Solche kleinen Zeugnisse des Alltags und des zivilen Ungehorsams gegen unsinnige staatliche Repressionen werden in dem Multimedia-Projekt »Lebt Wohl, Genossen« von Arte leider auf die Website verbannt. Der deutsch-französische TV-Sender verspricht eine Innenansicht des Sozialismus, löst diesen Anspruch aber nicht ein. Geschichten wie jene von Wirthwein und Wasin passen kaum ins Bild des tristen Lebens mit endlosen Schlangen vor leeren Lebensmittelläden und der Unterdrückung der Meinungsfreiheit im Reich des Kommunismus. Der 2,2 Millionen Euro teuren sechsteiligen Doku-Serie des russischen Regisseurs Andrei Nekrassow geht es eher darum, das Scheitern der Ideen von Marx und Engels für alle Zeiten zu beweisen.
Nur, der Widerspruch zwischen den Visionen der Philosophen und der Wirklichkeit in den sozialistischen Ländern, insbesondere durch die Deformationen unter Stalin, wird von den Autoren György Dalos, Autor des gleichnamigen Buches, Andrej Nekrassow und Jean-Francois Colosimo aus Frankreich nur am Rande erwähnt.
Die Ursachen für den Mauerfall und die Wende 1989 werden nicht in der gesellschaftlichen und ökonomischen Entwicklung der Länder selbst gesucht. Auslöser sei die Unterzeichnung der KSZE-Schlussakte in Helsinki, in deren Korb Drei der Westen dem Osten Europas die Garantie der Menschenrechte untergejubelt habe. Aus allen Ländern werden Beispiele von Künstlern angeführt, die Schwierigkeiten mit der staatlichen Zensur hatten - die Prager Rockgruppe »Plastic People«, der tschechische Dichter Vaclav Havel oder das Moskauer Taganka-Theater. In bunter Folge wird deren Schicksal im ersten Teil der Serie beschrieben, es fehlt jede historische Einordnung und vergleichende Analyse.

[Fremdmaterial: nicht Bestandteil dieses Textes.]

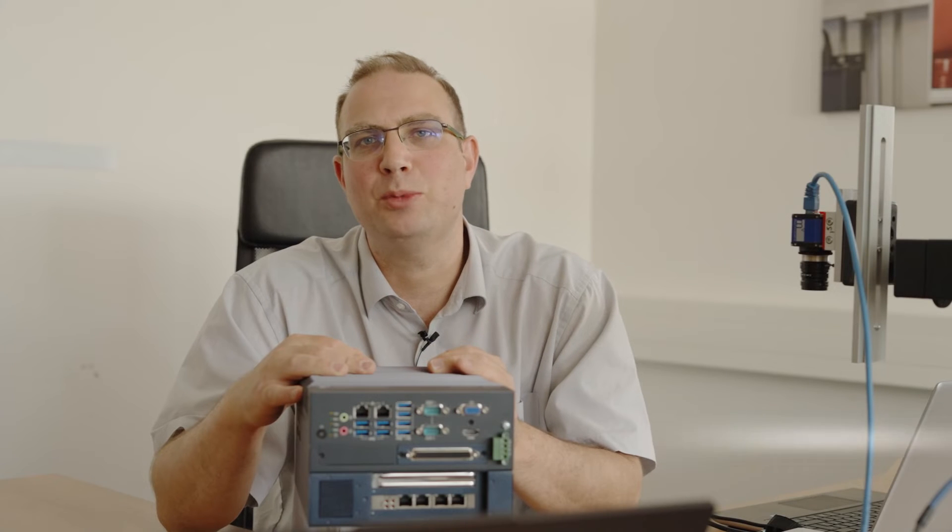Hello, my name is David Buchanan. I am responsible for the vision systems at the company Vision and Control. In this video, I want to introduce you to the new Vycosys 6300, which is the system that replaces the Vycosys 5300 and the Vycosys 5400.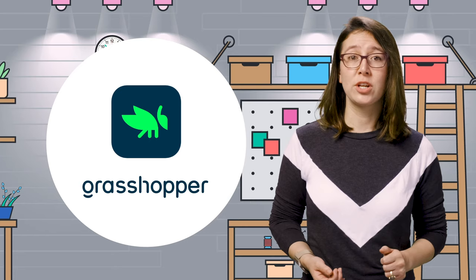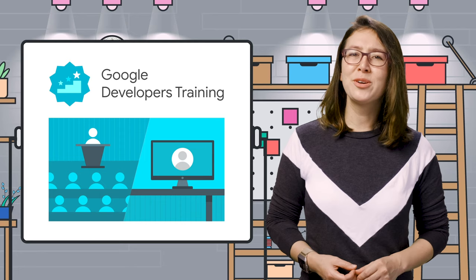If you're interested in learning general coding principles, check out Grasshopper, a free mobile app that teaches you to code from scratch, or consider enrolling in any of Google's developer training classes.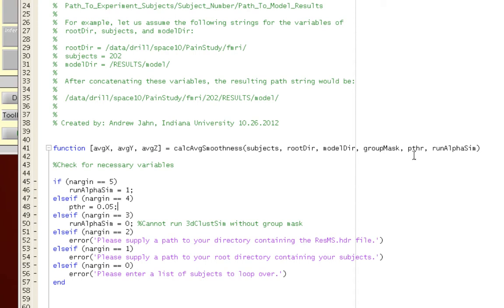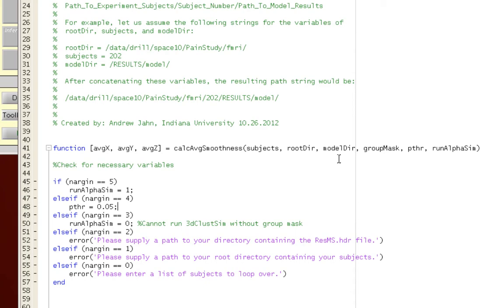It needs a list of subjects, a directory pointing towards where the subjects are located, and then a path pointing towards where the res.ms.header file is. This is the residual file, which SPM estimates smoothness will then take in, and it will estimate the smoothness parameters from that.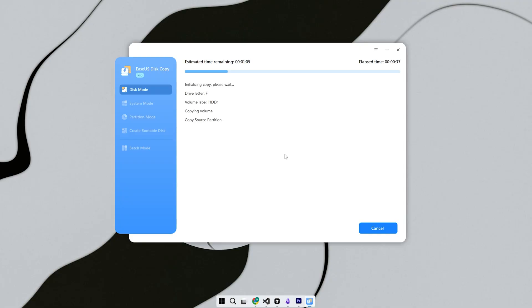Step 3, next select the target disk. This is the new SSD or HDD where you want everything copied. Make absolutely sure you choose the correct one, because this drive will be erased during the process.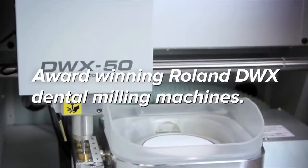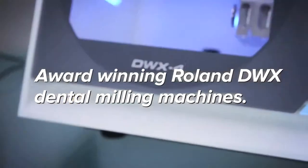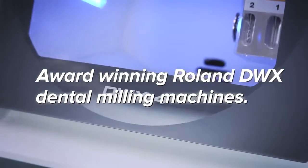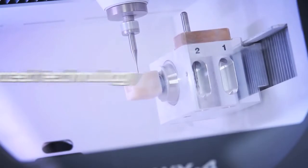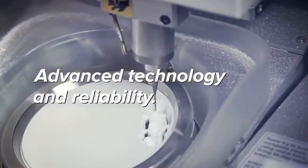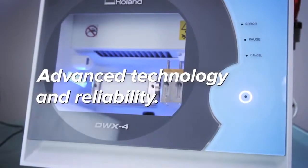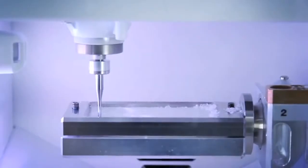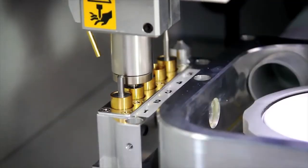The award-winning Roland DWX Series Dental Milling Machines are known for their advanced technology and reliability, producing dental restorations with uncompromising quality in an affordable, scalable solution.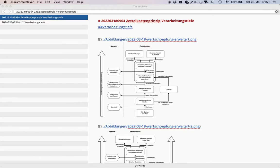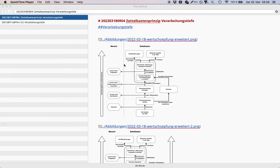What you're seeing here is my Zettelkasten. The node selected is about levels of processing and how the Zettelkasten increases levels of processing and therefore understanding and recall.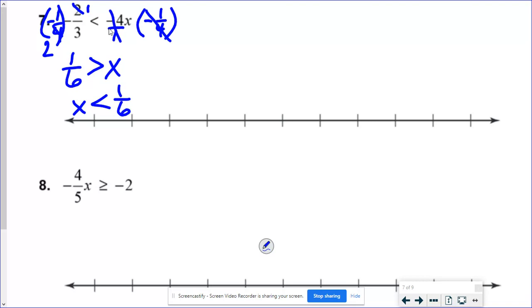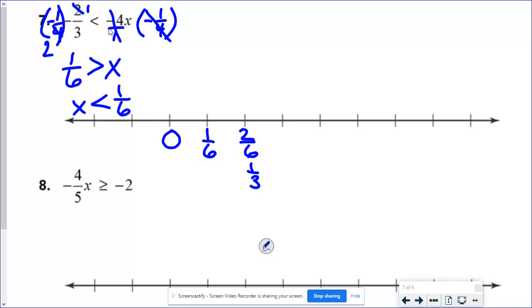For graphing, you can mark 0 and 1 and approximate where one-sixth would be, or count by sixths: one-sixth, two-sixths which is one-third, three-sixths which is one-half. However you count, as long as it's consistent on your number line, that's fine. This is an open circle, and we shade to the left because it's less than.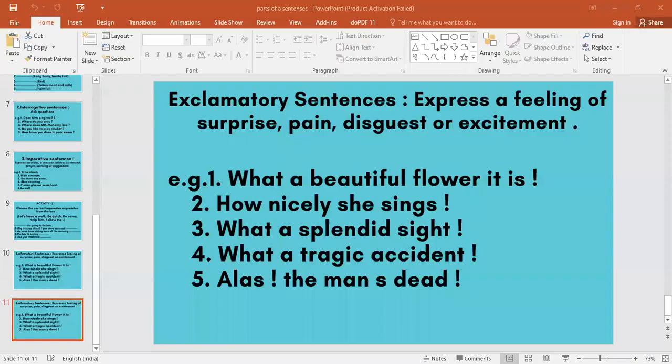Hello. Hello ma'am. Hello Sukanya. Good evening ma'am. Good evening. Why only three of you have come? Where are others? Vaishnavi Patel. Can you hear me? Hello children. Sukanya. Hello ma'am. Can you hear me? Yes ma'am. Okay.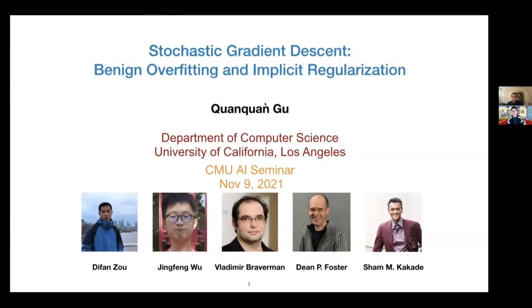Thank you for the nice introduction and thank you for having me here. Today I'm going to talk about my recent work with my students and collaborators about stochastic gradient descent.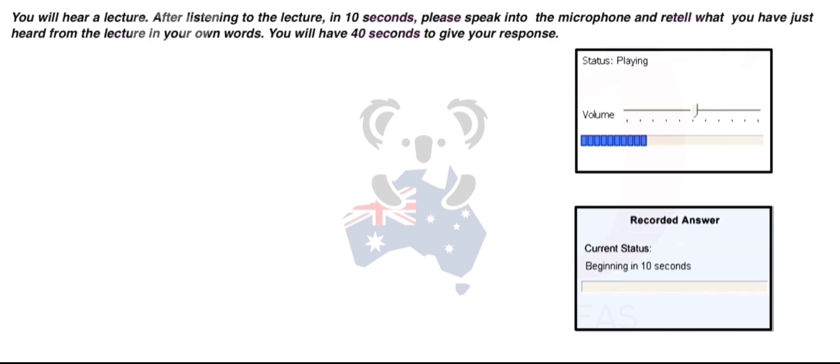To preserve moments in time forever. Since then, photography has undergone tremendous changes, from the introduction of color and digital photography to today's advanced smartphone cameras. Photography has played a crucial role in historical documentation, giving us visual insights into past events and cultures.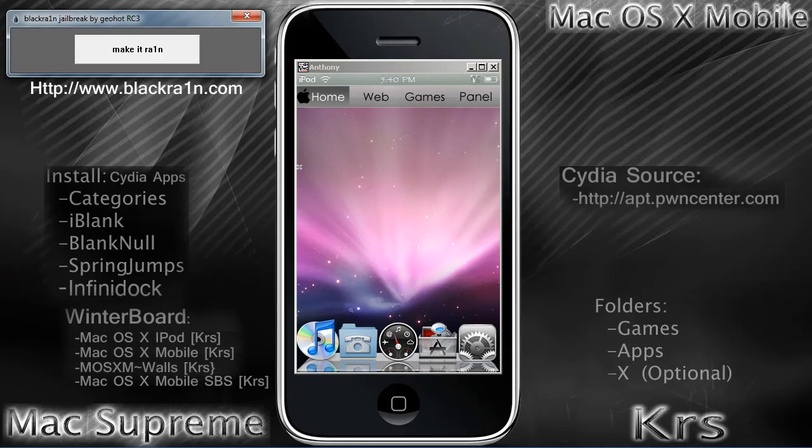Hello everyone, this is ALC84 and today I'm going to show you how to put the Mac Supreme theme on your iPod Touch or iPhone. So let's take a quick look at it.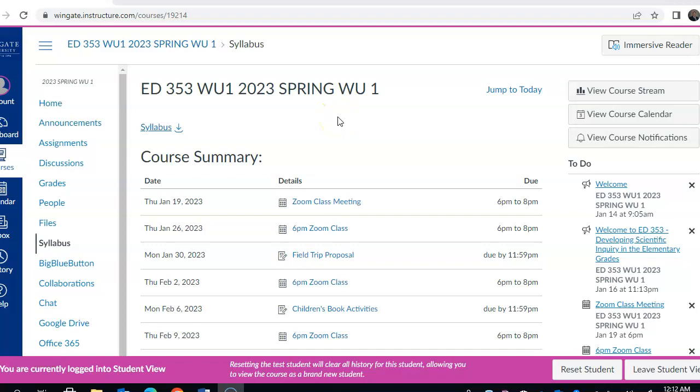Hello, ED353 students. This is Dr. McGuire. I just wanted to give you a very brief update and view of our course Canvas page.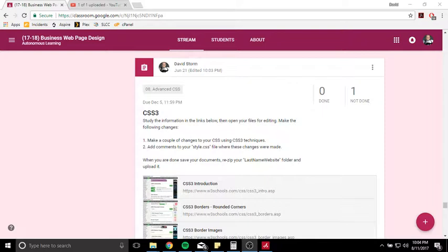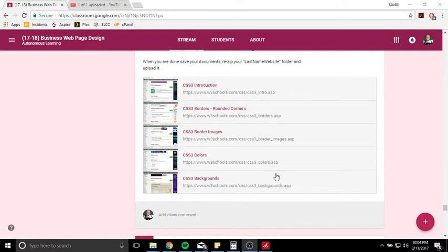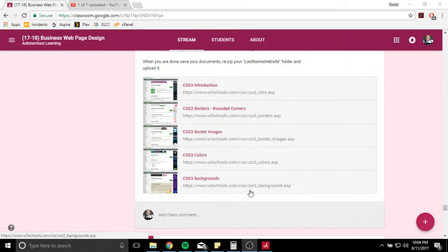Now, CSS3 is the newest version of CSS, and it just adds a little bit more functionality. So go through these lessons here to see some of the cool things you can do with CSS3.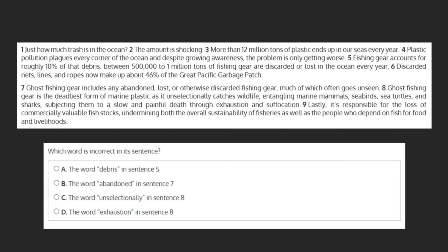Which word is incorrect in its sentence? a. The word debris in sentence 5. b. The word abandoned in sentence 7. c. The word unselectionally in sentence 8. Or d. The word exhaustion in sentence 8.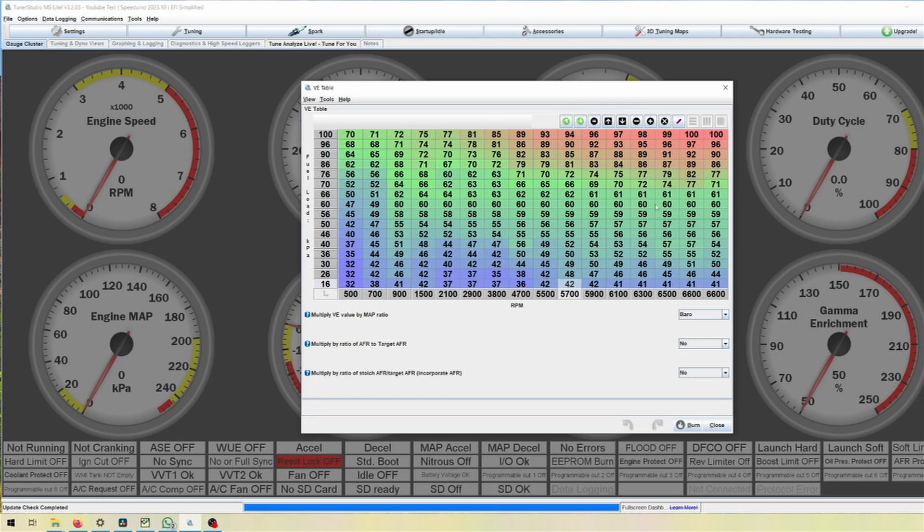That's basically it and this is how to do a pops and bangs tune on a standalone ECU.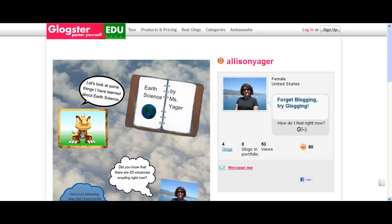Hello, this is a Glogster tutorial for adding media to your Glog. Glogster is a poster creation tool that allows students to combine text, pictures, graphics, video, and audio into an interactive online poster.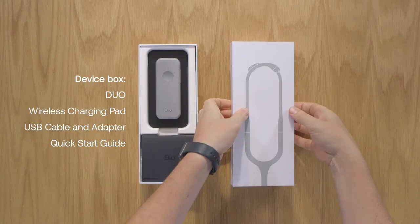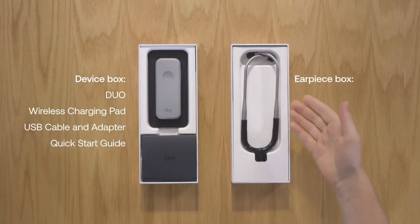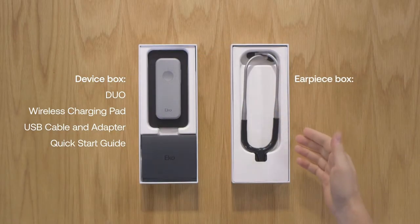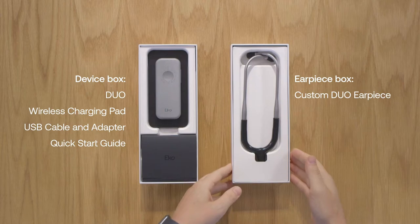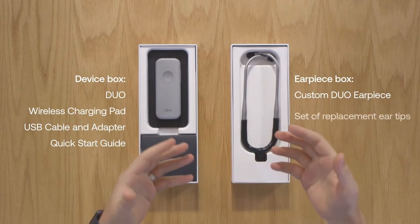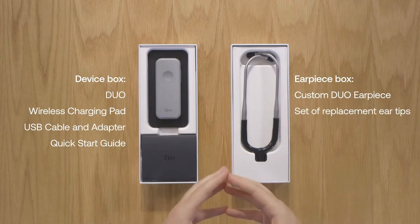If you purchase the Duo earpiece it will arrive in a separate package which will include the custom Duo earpiece and one set of replacement ear tips. Both boxes are 100% recyclable so you can dispose of them consciously.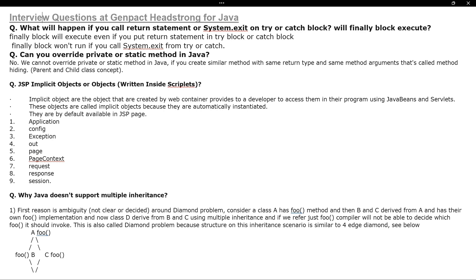The next question is about the finally block and System.exit(). After that, they ask: can you override a private or static method in Java? The answer is no, we cannot override them. Why can we not override these, and can you give real scenarios where you would use a private or static method in Java? This is also core Java.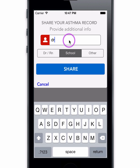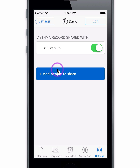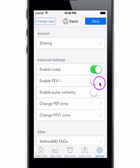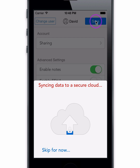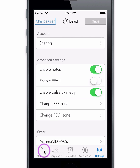You can add a recipient's email address, name, and title, and start sharing. You can also add additional functions such as FEV1, pulse oximetry, and notes. Be sure to save your changes before you leave this page.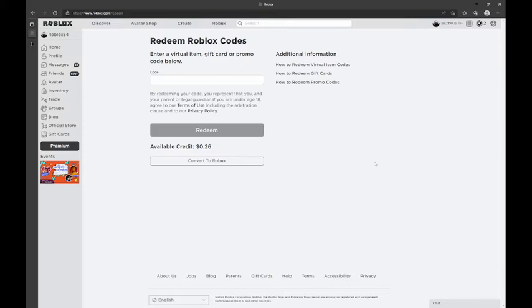To get this, only one person can get it, so you're going to type fast if you want it. First to redeem it gets it.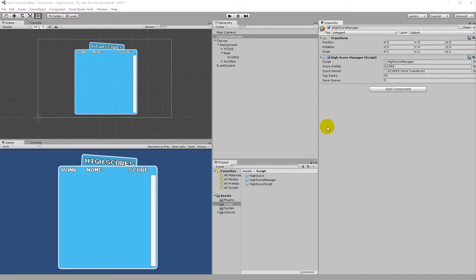This is the last part of the high score tutorial. In this part we are going to add the enter name UI, and we simply need to implement one more asset to our game before we can do that.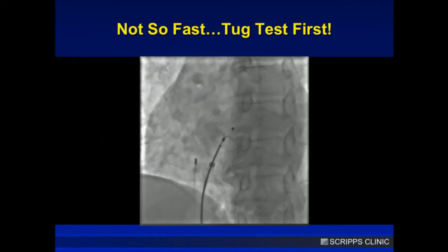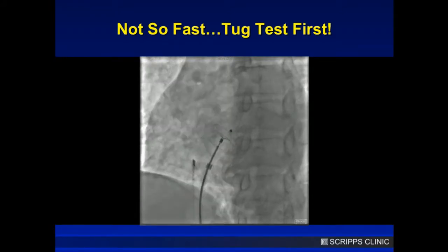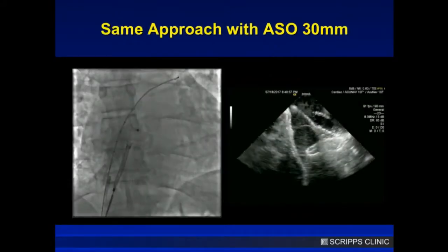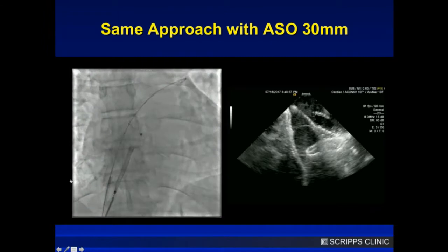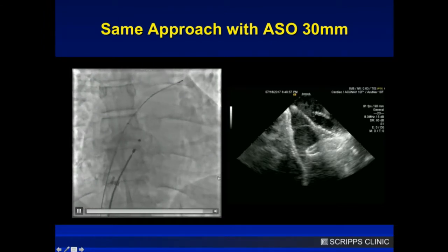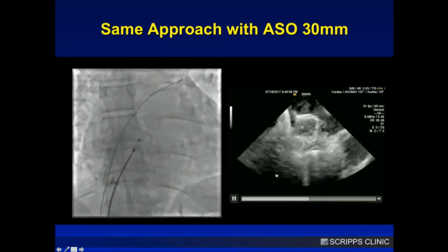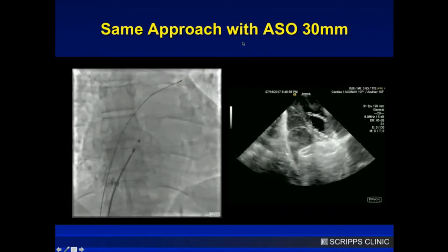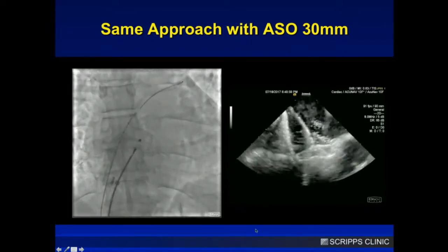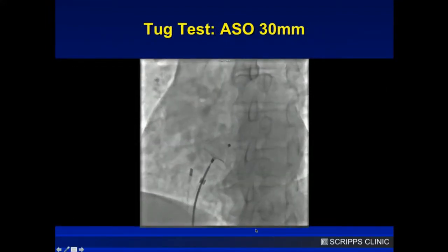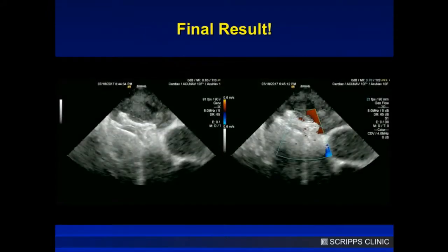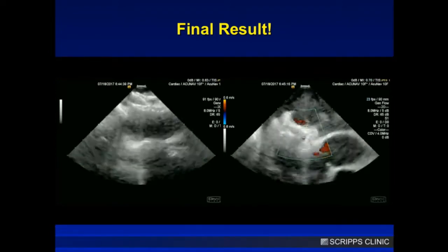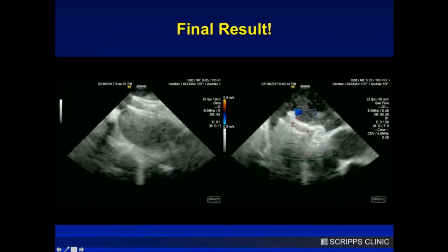Then I do a tug test — and it falls out. So I upsized to a 30-millimeter device. On ICE you can see beautifully how the balloon is across, pushing the left disc away from the aortic rim. I really wedge that balloon in there. After deployment I pull the wire with the balloon, then the wire. Here's a really good tug test — pulling, pushing in, pulling — it's not going anywhere. The final released result is perfect: not oversized, flat, and not that much interaction with the aorta.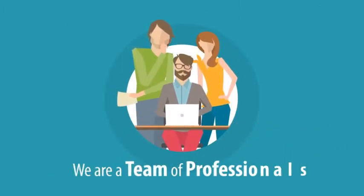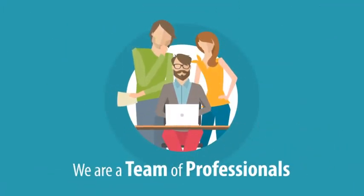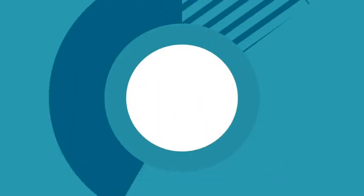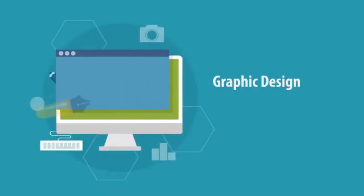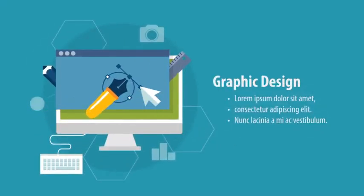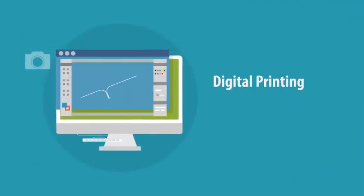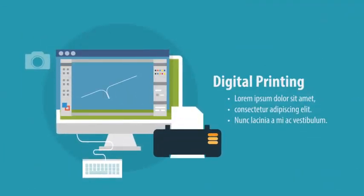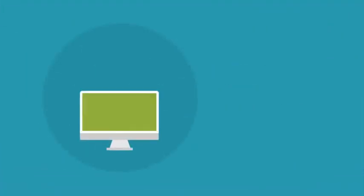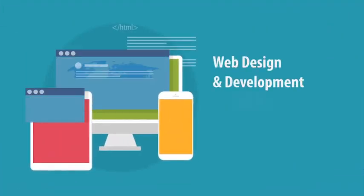We are a team of professionals that help you inspire your aimed audience across all our services: graphic design, digital printing, web design and development.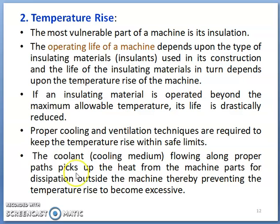The cooling medium flowing along proper paths picks up heat from the machine parts for dissipation outside the machine, thereby preventing temperature rise from becoming excessive. There are three modes of heat dissipation: conduction, convection, and radiation. Depending upon the type of cooling techniques used, if the rate of temperature rise and the rate of temperature dissipation are thermally balanced — if thermal equilibrium is achieved — then the designer can go for higher outputs for a given class of insulation material and specific electric and magnetic loading.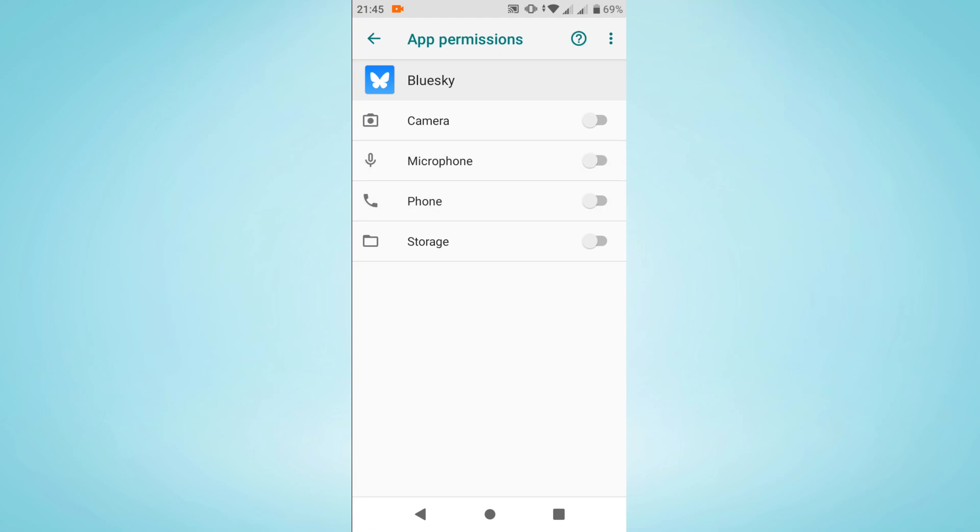And that's how you manage permissions for applications on Android. Thanks for watching and I'll see you next time.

Afghanistan, der Boykott der Olympischen Spiele, Solidarność, Papst Johannes Paul II, dann die Hoffnungen auf Gorbatschows Perestroika und Glasnost, die von den greisen Machthabern aus den Zentralkomitees der anderen kommunistischen Parteien lange ignoriert wurde - auch die folgenden Serienteile beschränken sich auf einen Rückblick auf die wichtigsten Ereignisse der 1980er. Dass Gorbatschow kaum Rezepte zur Gesundung der Ökonomie in seinem Riesenreich hatte und ihm keine Zeit blieb, die ersten Reformen zu korrigieren, wird nur angedeutet.
So bleibt unter dem Strich eine herbe Enttäuschung über ein Projekt, das an seinem eigenen Anspruch scheitert und vor allem keine Antwort auf die im Moment brennende Frage geben will, ob die Ideen von Marx und Engels auf den Müllhaufen der Geschichte gehören.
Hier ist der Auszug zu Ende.